If it has been awhile since you have easy*baked yourself, let me refresh your memory. The Easy*Bake Oven is a stand alone contraption, plastic knobs and stickers on the front, two slots one on each end of it (yeah – like the one you’d find at Quiznos).
Items are baked individually by a 100-watt light bulb (not soft white or long life – to this, not super easy to find these days). Two not highly engineered metal doors close down around the heating chamber. There is a yellow tool then that can be used for inserting and retrieving baking pans – it actually works.
Our Easy*Bake project: flower-shaped sugar cookies
We pulled out the oven, cleared the kitchen table, put on their aprons, and opened the package. Along with 2 packets of cookie mix, 2 packets of frosting, and some nonpareils, a four-page instructional booklet slipped out. So I read – working as we went.
We have two pans, but the recipe for a single cookie mix packet is laid out for three cookies, and only one pan fits in the oven at any given time. In this process – easy*baking — it works: mix, prepare, bake, cool; mix, prepare, bake, cool. (Kinda like a round in singing class.)
And we mixed, according to the instructions, adding the precise amount of water. While I usually let Evyn mix – I intermittently get my hands dirty too. We added the exact amount of water, I swear – yet our mix didn’t quite look like dough. So as I would with any cementitious home improvement product – I added just a drop, didn’t want to over-hydrate and ruin the mixture. This time with a delicate hand, I nailed it.

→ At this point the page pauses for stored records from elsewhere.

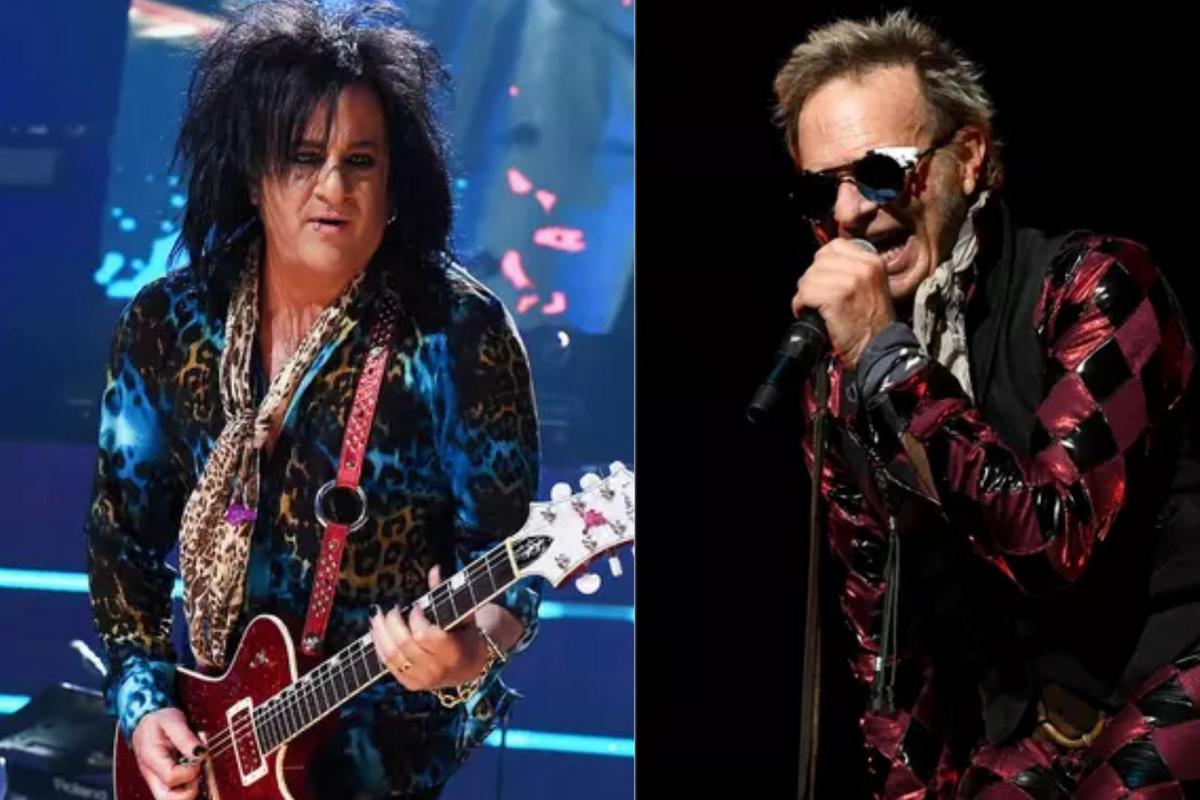 Why Steve Stevens Refused Offer to Join David Lee Roth’s Band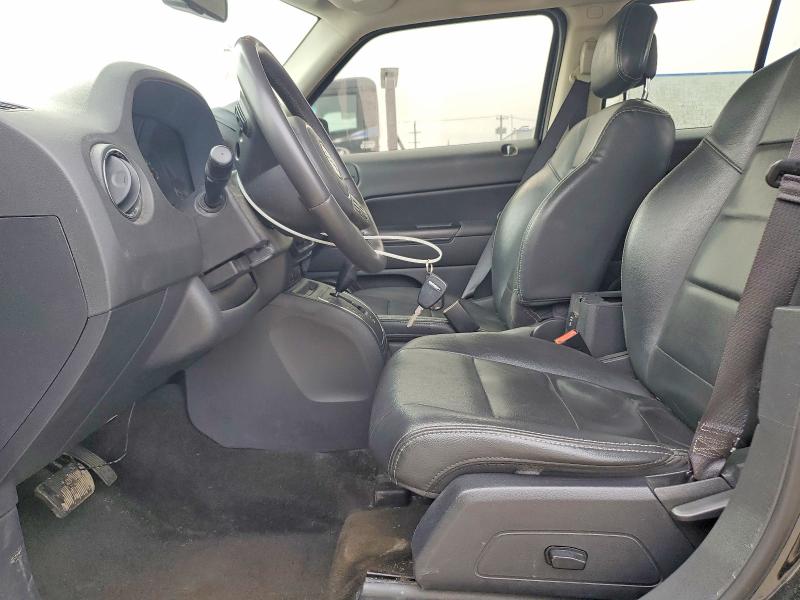52359556 :رقم المزاد ، 1C4NJRFB0FD365456 vin ، 2015 Jeep Patriot مزاد بيع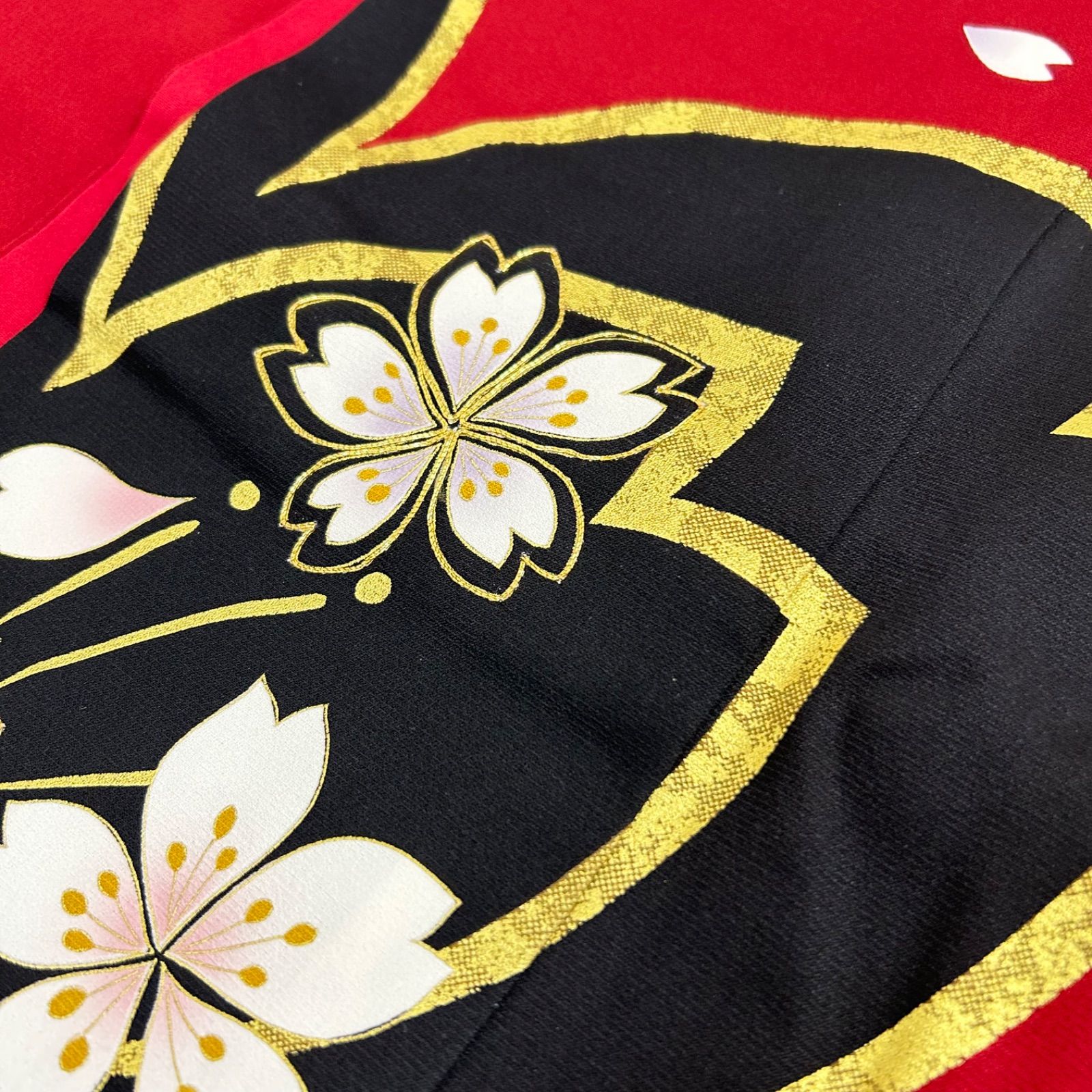 振袖 着物 正絹 3着 振袖まとめ売り リメイク材料 m-597 - メルカリ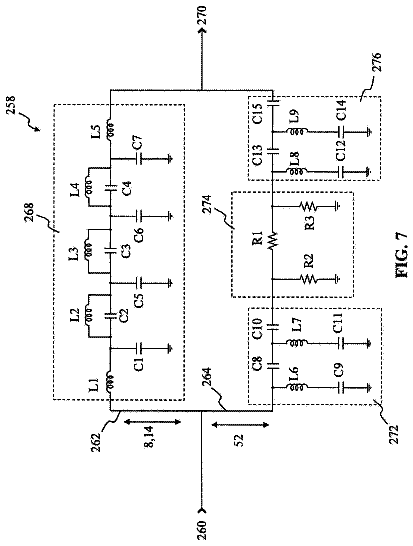 Drawing sheet 5 of US 8,561,125 B2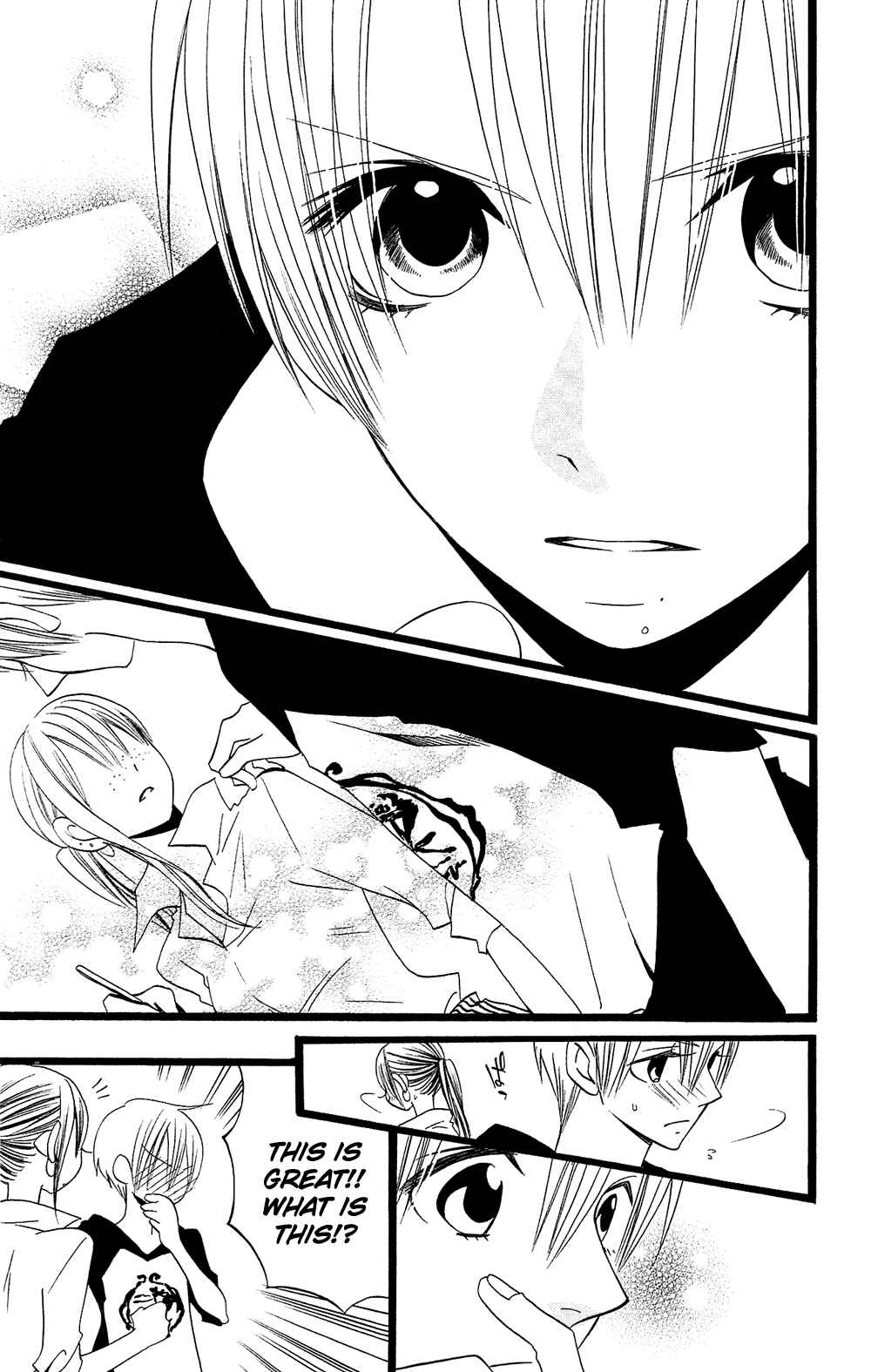 Page 12 Chapter 97 Usotsuki Lily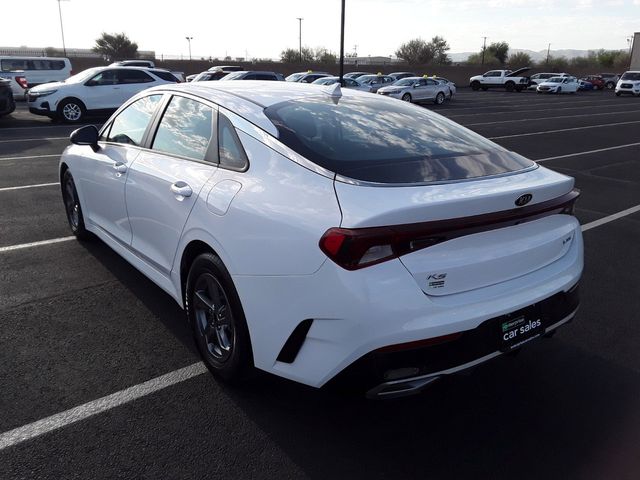 2021 Kia K5 LXS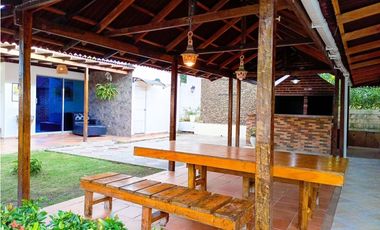 VENTA CASA CAMPESTRE TURÍSTICA BONDA SANTA MARTA - J.V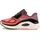 Nike Structure Plus Damen Schwarz / Silber / Hot Lava 38,5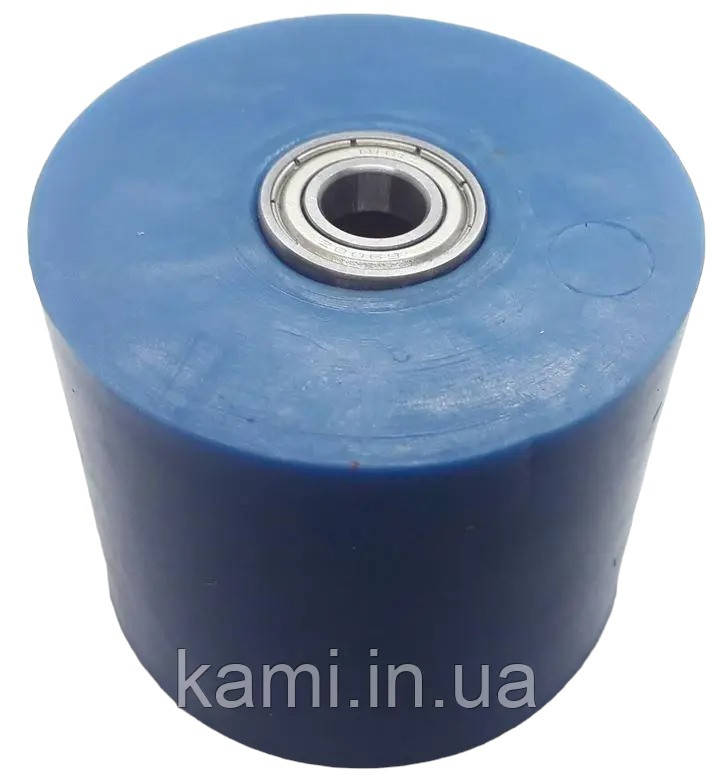 Притискний ролик 63х10х55 мм кромкооблицювального верстата HOLZ T-503, фото 1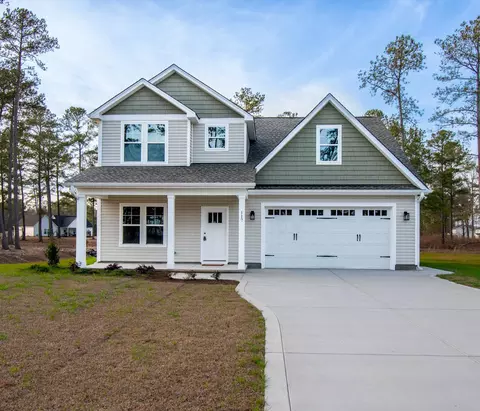 117 Forest Wood Dr, Salemburg, NC 28385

We then took our dough and kneaded it in some flour (wow, what a mess). We now had to take it and split it into 3 equal parts. What the instructions didn’t count on was that the girls had been hitting it up for minutes. They systematically licked everything clean, the bowl, the utensils, while simultaneously consuming any piece of dough not firmly attached to our mound lying there.
We didn’t have enough to make three cookies, despite what the instruction said. But two would do; just the number we needed. The cookies went into the oven, came out and cooled. (Evyn had enough self-restraint to wait for her sister’s to complete.) They iced them, and they consumed them, gorgeously decorated and personalized.
. . . Blogging is a little bit like Easy*Baking
I will be honest – some of these words, as with many you will find on this blog, may be intended for no one other than me. My point, and I try to be transparent, is at times when you have a job, an idea for a business, a home to work on, and a family to help operate, i.e. several things going on — things may spill into each other somewhat.
It can be a very good thing, if you are of right mind. For me, I often find that I must look to seemingly unrelated aspects of my life to find inspiration I may need in others. It helps, too, for me to have a place to dump my thoughts . . . read or not.
You just trust yourself (whether you are designing a business, cooking, doing home improvement, blogging, or easy*baking) to lay it out, knead it and make it into something good.